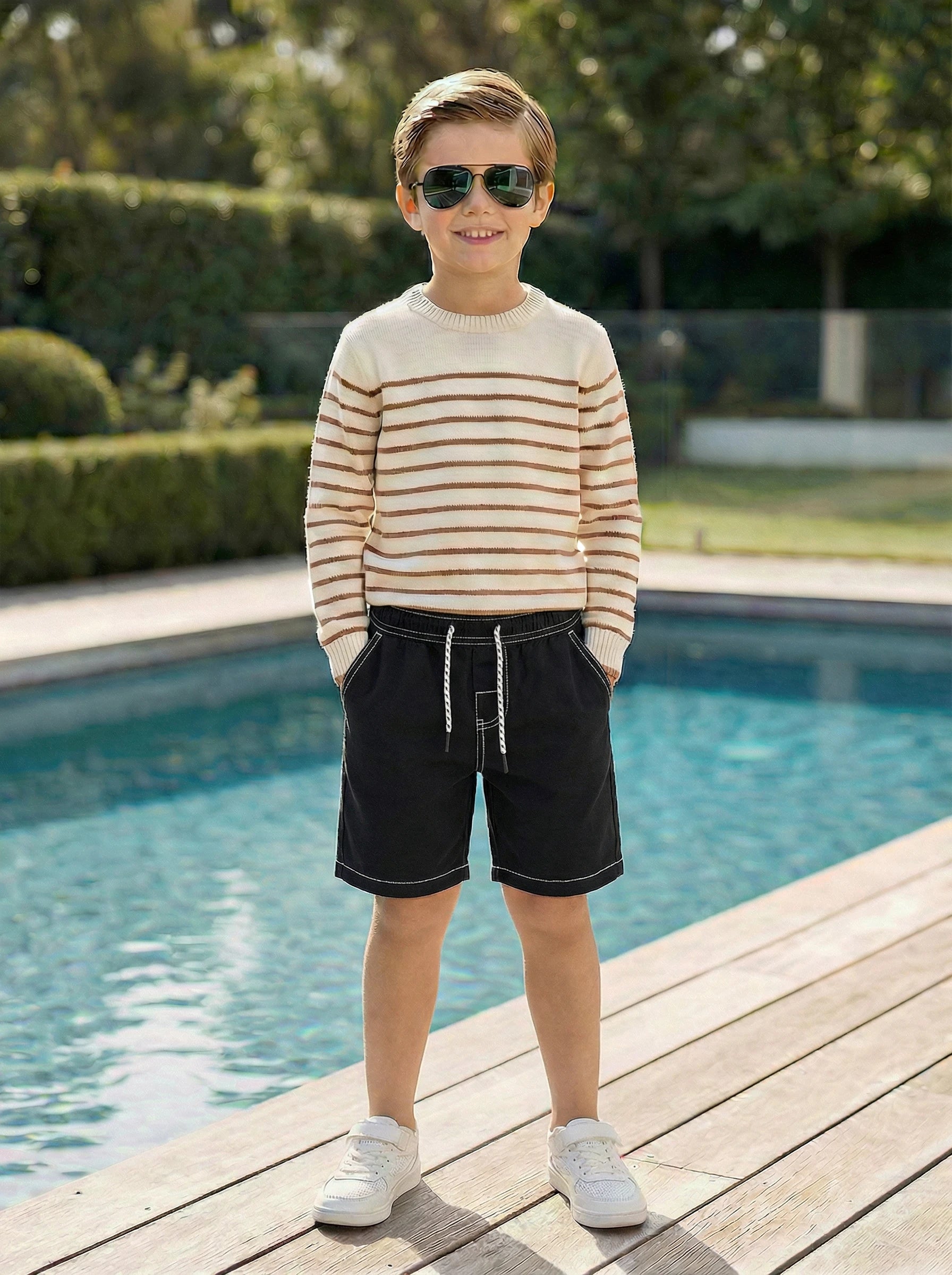 Kids Contrast Stitch Drawstring Shorts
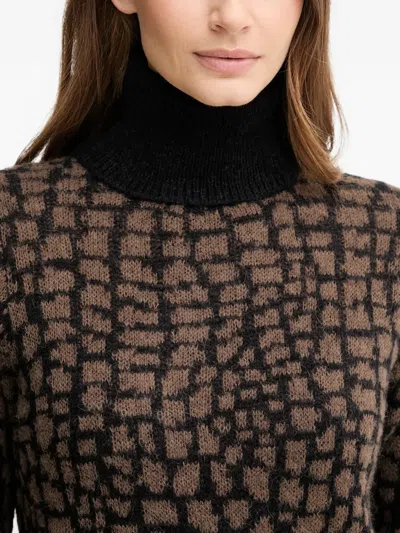 Joop Kordula Patterned Roll-neck Sweater In Brown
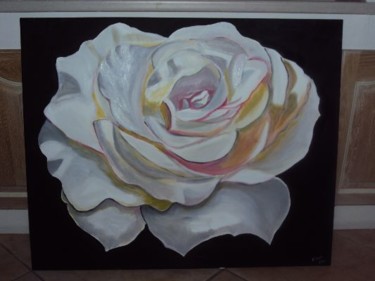 Painting titled "la ROSE" by Regine Tasset, Original Artwork
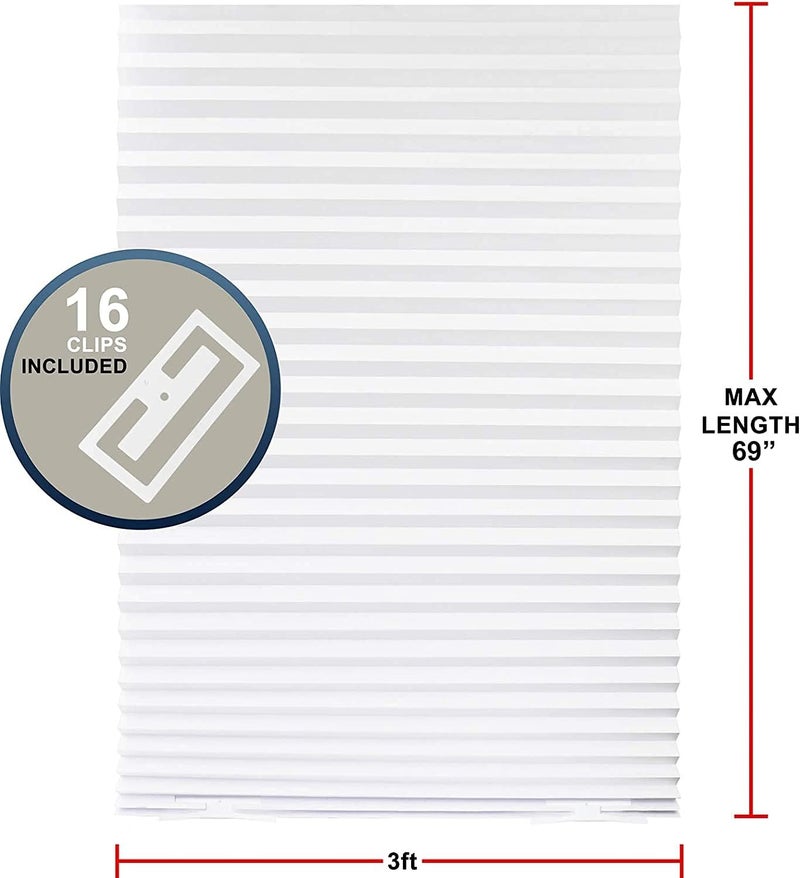 Mirrotek Pleated Window Paper Shades Light Filtering Blinds White 36" x 69" (Pack of 6 Temporary Blinds),MT1050 - Image 3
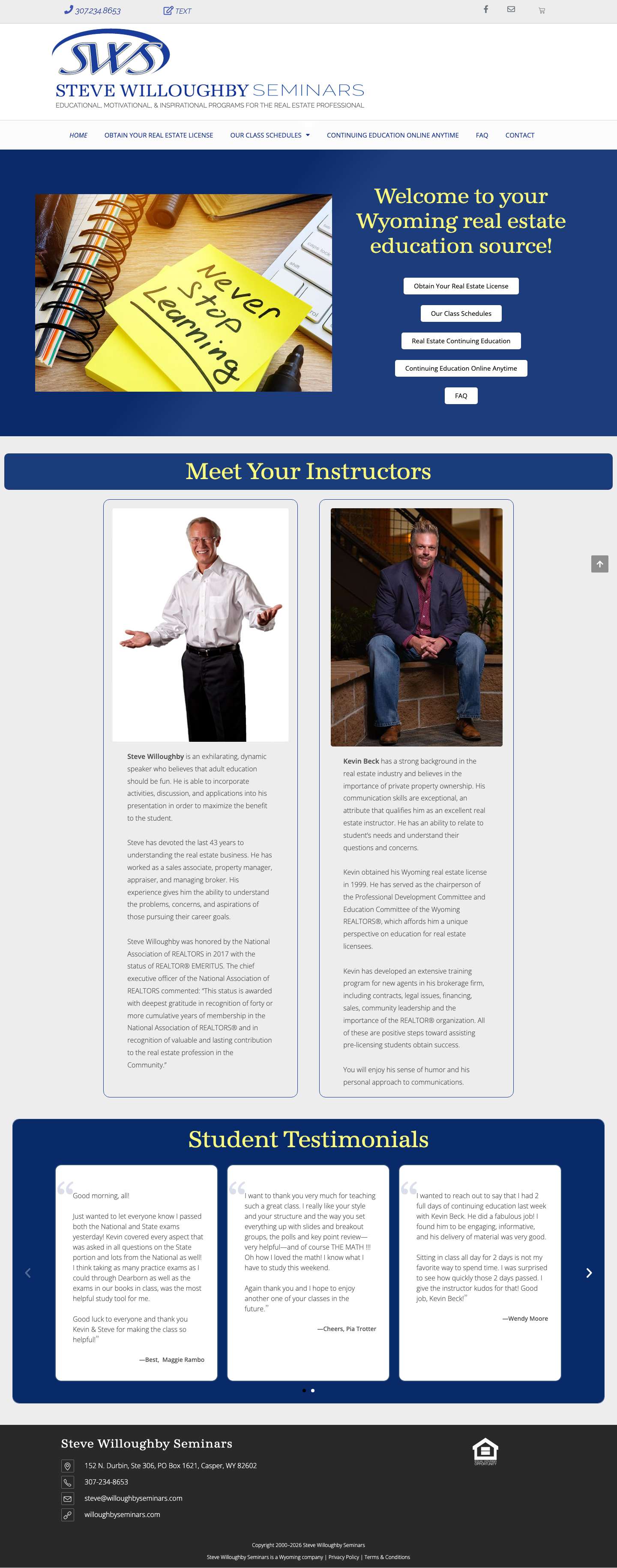 Wyoming Real Estate Education Classes - Willoughby Seminars - Full Screenshot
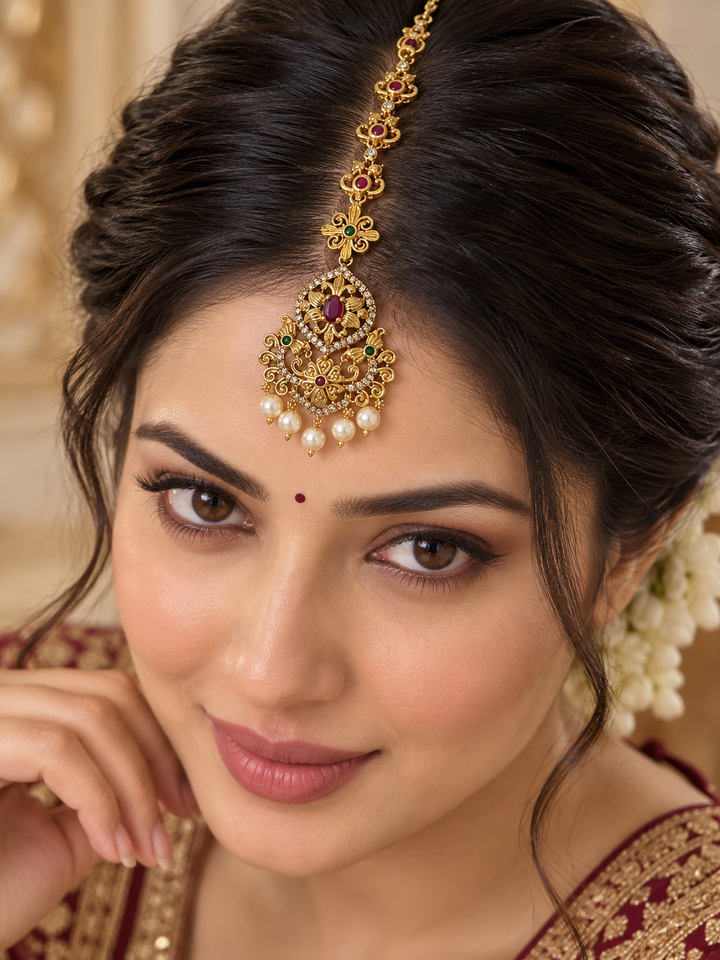 Antique Gold Pearl Maang Tikka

++++++++++

Exercise directions - Extract, word for word, every line from the one holding "Joop Kordula Patterned" through the closing line of the data above. Do not include any pictures.

Problem solution -
 Joop Kordula Patterned Roll-neck Sweater In Brown
 Painting titled "la ROSE" by Regine Tasset, Original Artwork
 Mirrotek Pleated Window Paper Shades Light Filtering Blinds White 36" x 69" (Pack of 6 Temporary Blinds),MT1050 - Image 3
 Wyoming Real Estate Education Classes - Willoughby Seminars - Full Screenshot
 Antique Gold Pearl Maang Tikka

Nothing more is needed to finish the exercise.